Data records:
====================
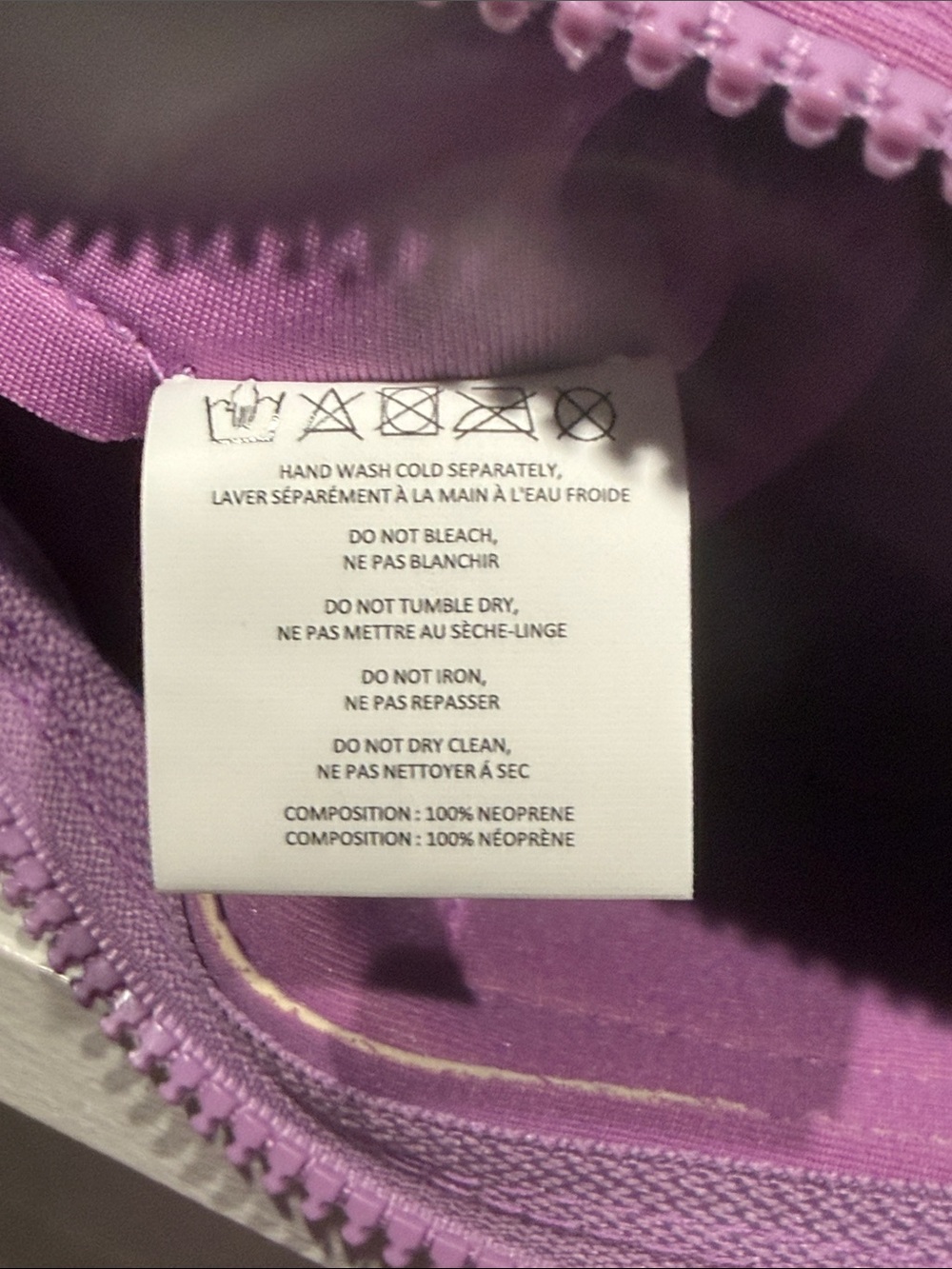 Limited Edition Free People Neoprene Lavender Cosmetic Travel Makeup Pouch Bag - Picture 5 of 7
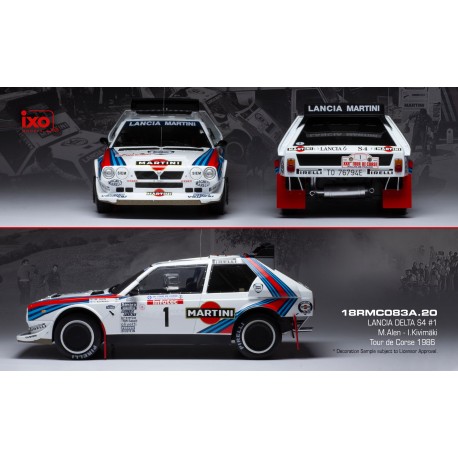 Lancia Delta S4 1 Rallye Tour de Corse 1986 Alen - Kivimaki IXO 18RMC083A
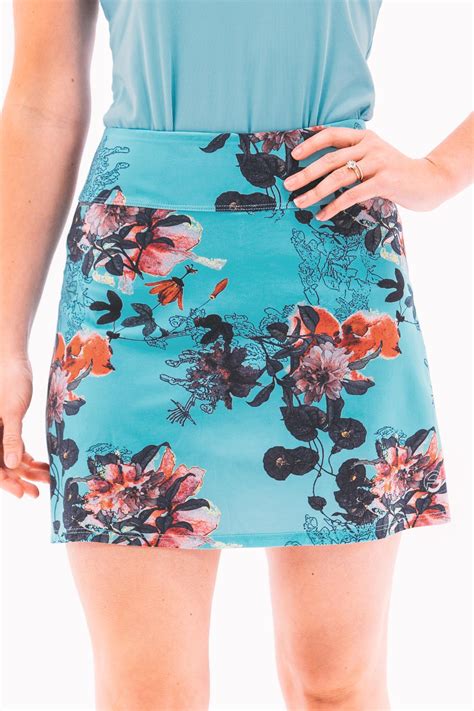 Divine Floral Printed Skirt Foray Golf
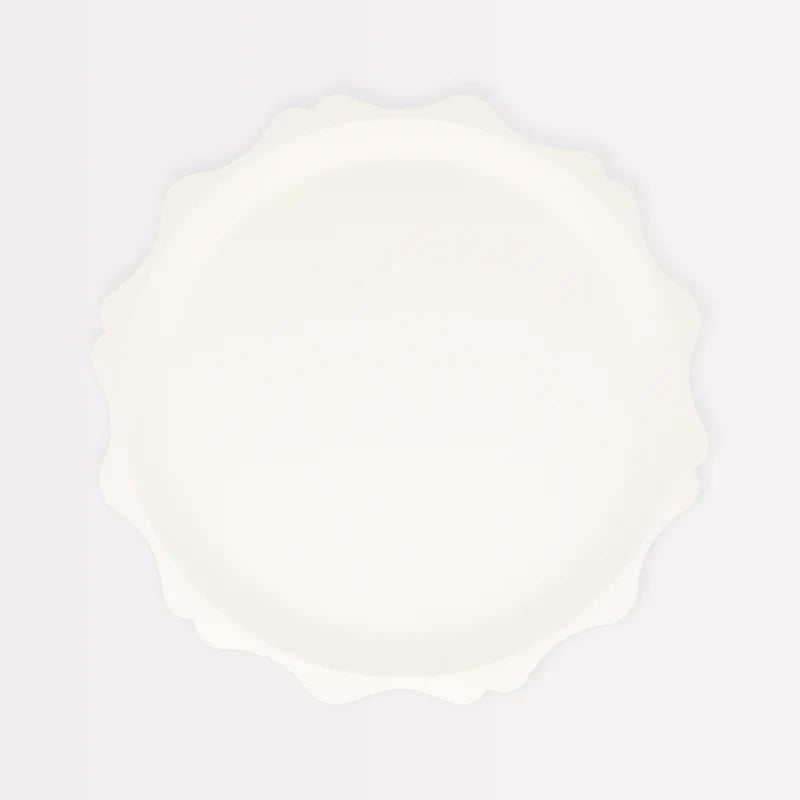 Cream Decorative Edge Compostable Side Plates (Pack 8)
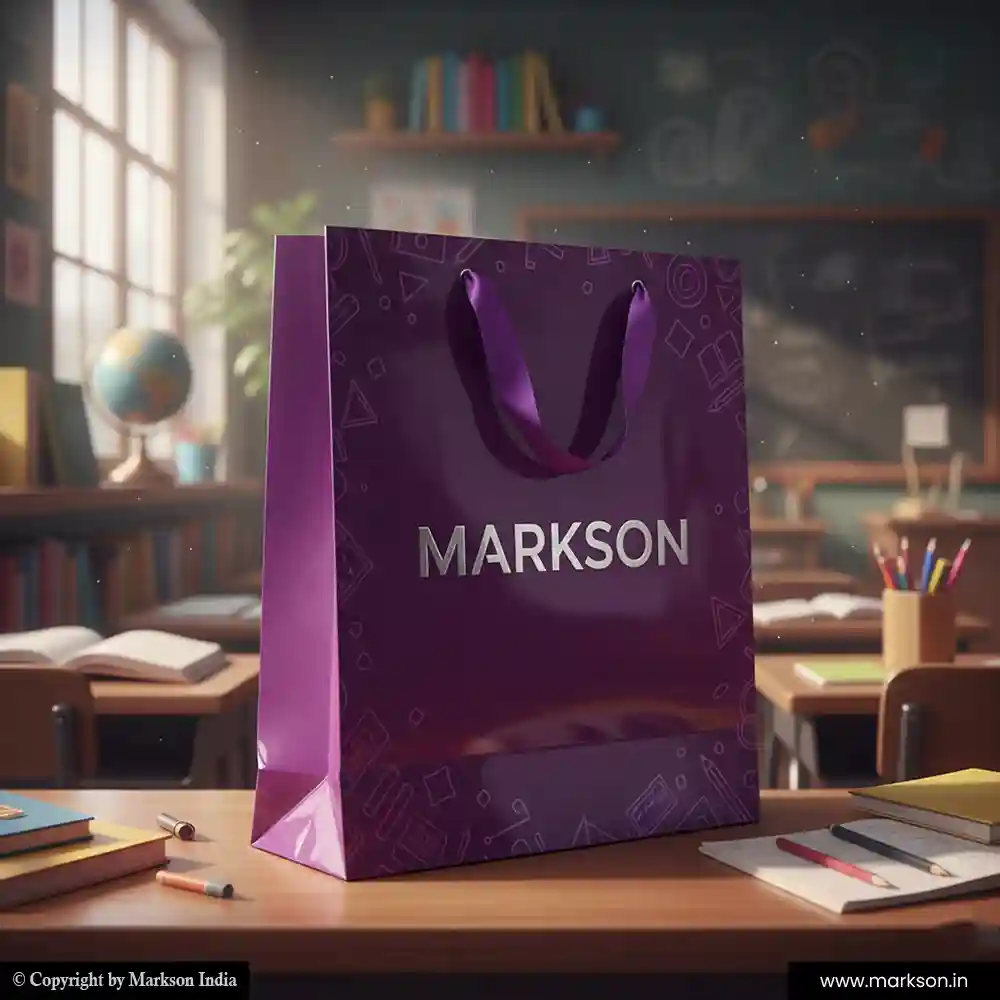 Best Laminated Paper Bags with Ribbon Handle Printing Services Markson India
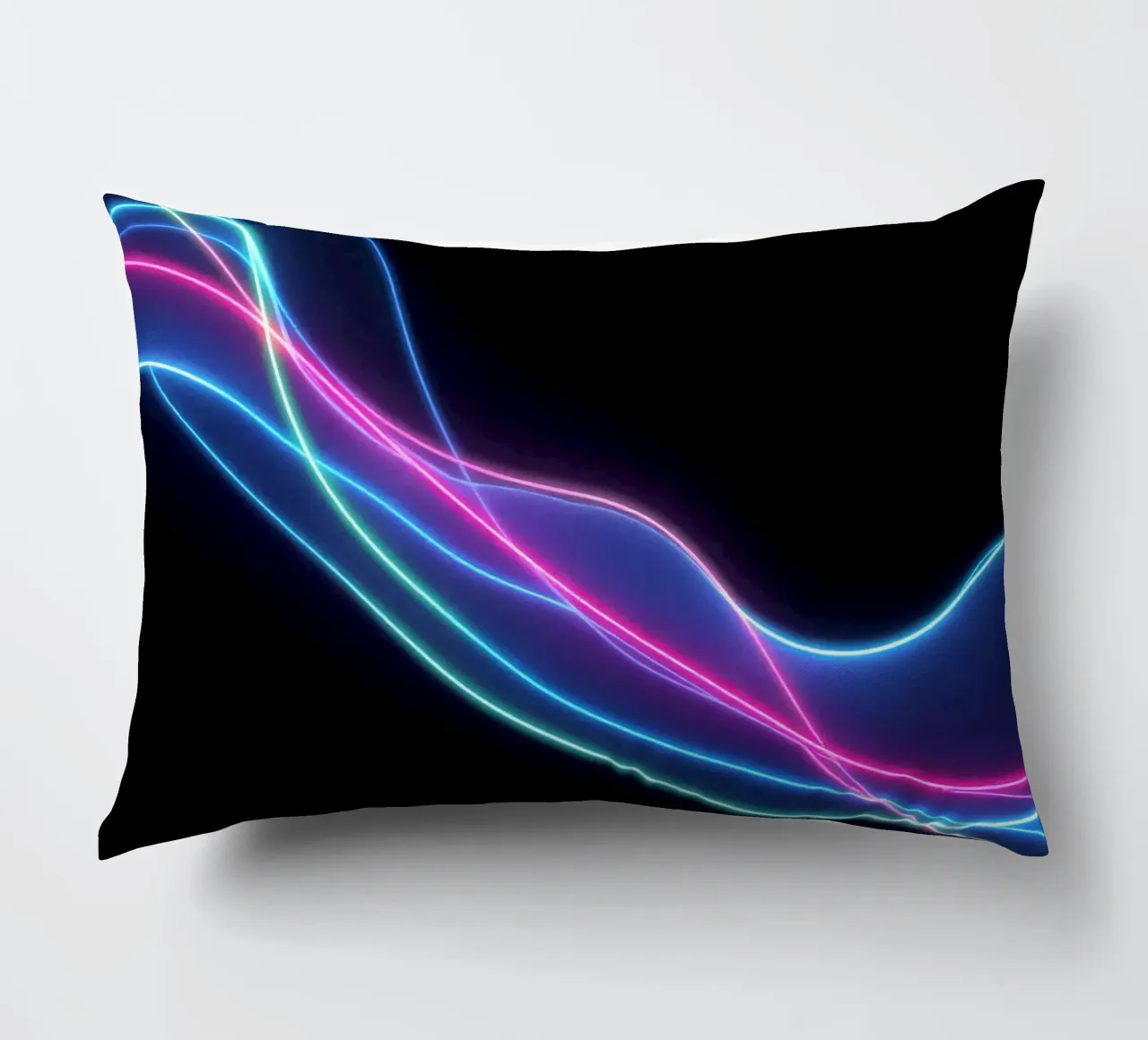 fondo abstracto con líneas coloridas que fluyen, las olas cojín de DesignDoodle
====================
• **PROBLEM STATEMENT**
For this exercise, return every entry verbatim and omit all pictures.

• **SOLUTION BELOW**
 Limited Edition Free People Neoprene Lavender Cosmetic Travel Makeup Pouch Bag - Picture 5 of 7
 Lancia Delta S4 1 Rallye Tour de Corse 1986 Alen - Kivimaki IXO 18RMC083A
 Divine Floral Printed Skirt Foray Golf
 Cream Decorative Edge Compostable Side Plates (Pack 8)
 Best Laminated Paper Bags with Ribbon Handle Printing Services Markson India
 fondo abstracto con líneas coloridas que fluyen, las olas cojín de DesignDoodle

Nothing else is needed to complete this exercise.